#### Exercise description
Print the lines below from the line with "GUCCI ブラックファー ミュール　訳あり" to the line with "Metal Feather Pierced" exactly, keeping both ends, and print no pictures.

#### The data
===============

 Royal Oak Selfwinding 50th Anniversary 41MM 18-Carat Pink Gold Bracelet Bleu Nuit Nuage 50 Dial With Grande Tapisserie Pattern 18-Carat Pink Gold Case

===============

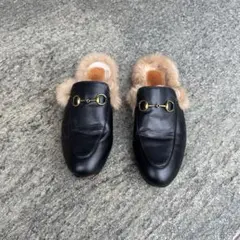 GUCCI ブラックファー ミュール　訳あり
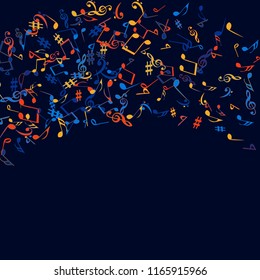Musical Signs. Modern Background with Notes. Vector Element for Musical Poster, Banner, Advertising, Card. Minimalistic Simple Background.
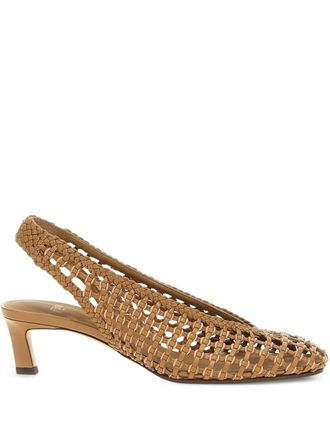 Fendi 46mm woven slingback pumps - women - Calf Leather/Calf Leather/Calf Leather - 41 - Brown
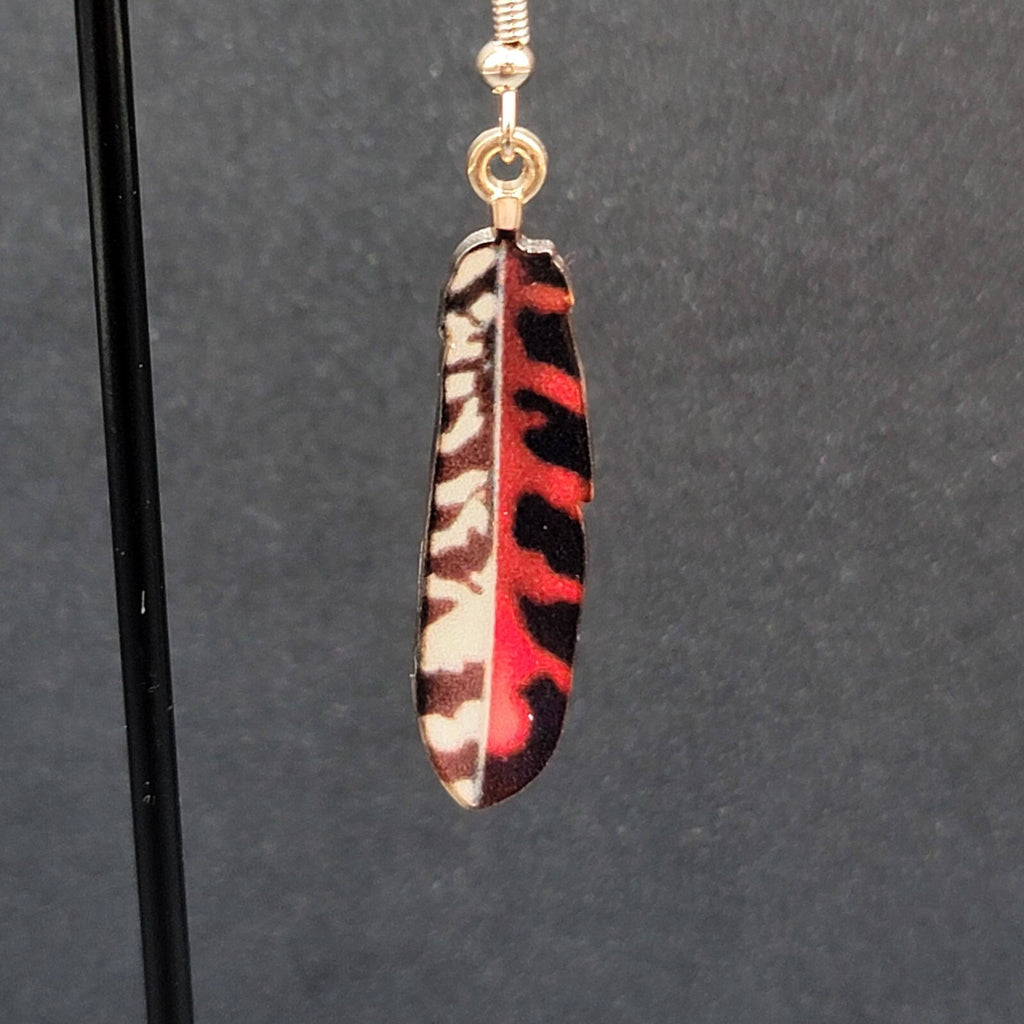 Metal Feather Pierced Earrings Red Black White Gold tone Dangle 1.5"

===============

#### Output of the task
 GUCCI ブラックファー ミュール　訳あり
Musical Signs. Modern Background with Notes. Vector Element for Musical Poster, Banner, Advertising, Card. Minimalistic Simple Background.
 Fendi 46mm woven slingback pumps - women - Calf Leather/Calf Leather/Calf Leather - 41 - Brown
 Metal Feather Pierced Earrings Red Black White Gold tone Dangle 1.5"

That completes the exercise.